Like the government agency that always finds new justifications for its existence, NATO has intervened in civil wars in Bosnia and Somalia, which hardly had anything to do with stopping the Soviet Army from marching into Paris, London, and Rome.
Perhaps a closer look at the alliance’s origins is merited. When formed, NATO cited Article 51 of the UN Charter as its authorization for existence. Dean Acheson, who was secretary of state at the time, trumpeted NATO as “designed to fit precisely into the framework of the United Nations…. The United States government and the governments with which we are associated in the treaty are convinced that it is [an] essential measure for strengthening the United Nations.”

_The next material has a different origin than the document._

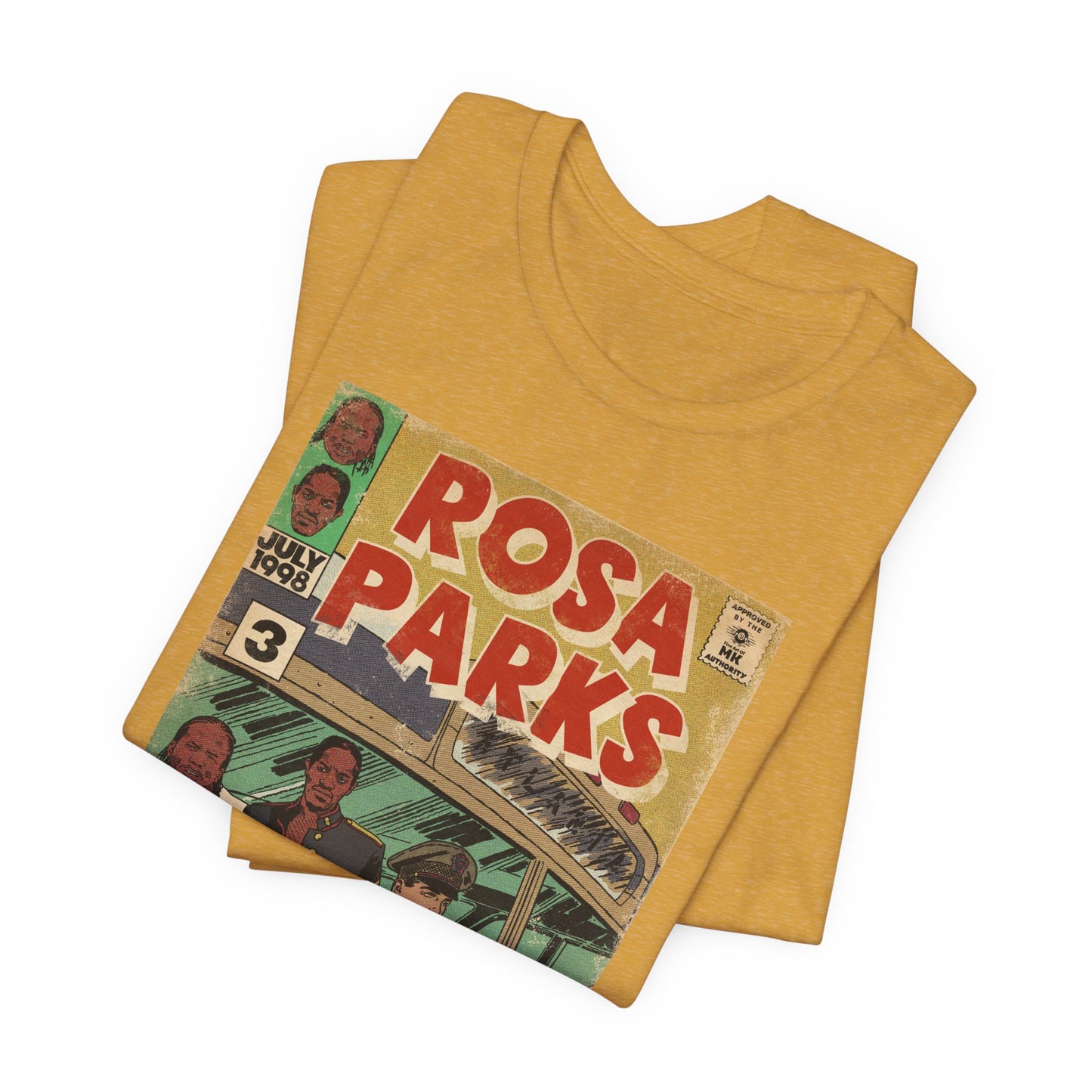 Rosa Parks - Unisex Jersey Short Sleeve Tee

In other words, the globalists then and now view NATO not so much as some sort of mutual defense against Soviet aggression, but as a way to increase the power of the UN, at the expense of our own national sovereignty.
As Pat Buchanan wrote in 1998, “With NATO expansion, we give up forever our freedom to decide when and whether to go to war. We give up forever the opportunity to bring the boys home, and we lock ourselves forever into virtually every future European war. NATO expansion entails a contemptuous dismissal of the wisdom of America’s greatest men, who warned us again and again against permanent alliances.”

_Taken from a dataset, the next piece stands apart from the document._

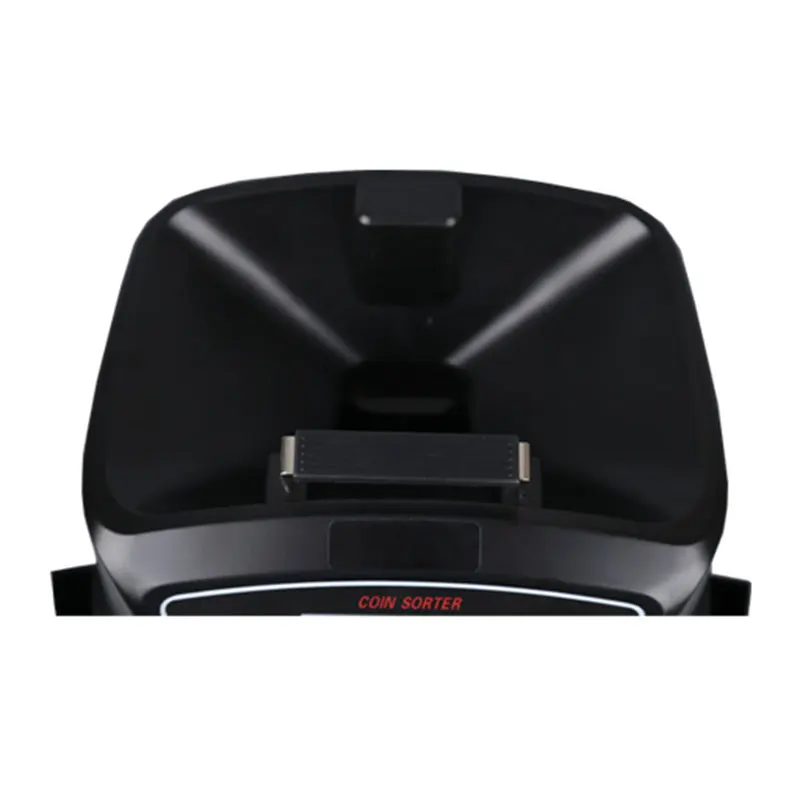 Профессиональный дизайн цифровой счетчик монет сортировщик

Yet, Senator Jim Inhofe, another Oklahoma Republican, was quoted as saying in a letter to President Trump, “Russia’s continued aggression and repeated refusal to respect Ukraine’s territorial integrity warrants a strong response from those of us who respect the rules-based international order.” (Emphasis added.)
Inhofe later acknowledged that the term “defensive” military aid is not quite accurate. “It’s not a very sincere description of weapons because anything you send over you can use as a defensive weapon, but in order to get some of the people — in this case, the Democrats on the Defense committee — to be supportive, we wanted to call them defensive weapons.”
Such semantics are typical of the history of the globalist rhetoric we have heard, especially since the end of the Second World War. Ukraine, for example, is not even a member of NATO (though NATO membership for Ukraine is being considered), yet America is somehow considered obligated to risk a military confrontation with Russia over a nation on its border.
Buchanan’s words in 1998 seem applicable today. “That One Worlders are doing this is easy to understand; that self-professed conservatives are collaborating seems inexplicable — further proof that there is no true conservative party in Washington today.”
Rather than giving aid to Ukraine to avoid war with Russia over countries in eastern Europe, as Congressman Russell suggests, a better solution is for the United States to end its relationship with NATO, so we are no longer obligated to go to war over some dispute between Russia and countries in eastern Europe.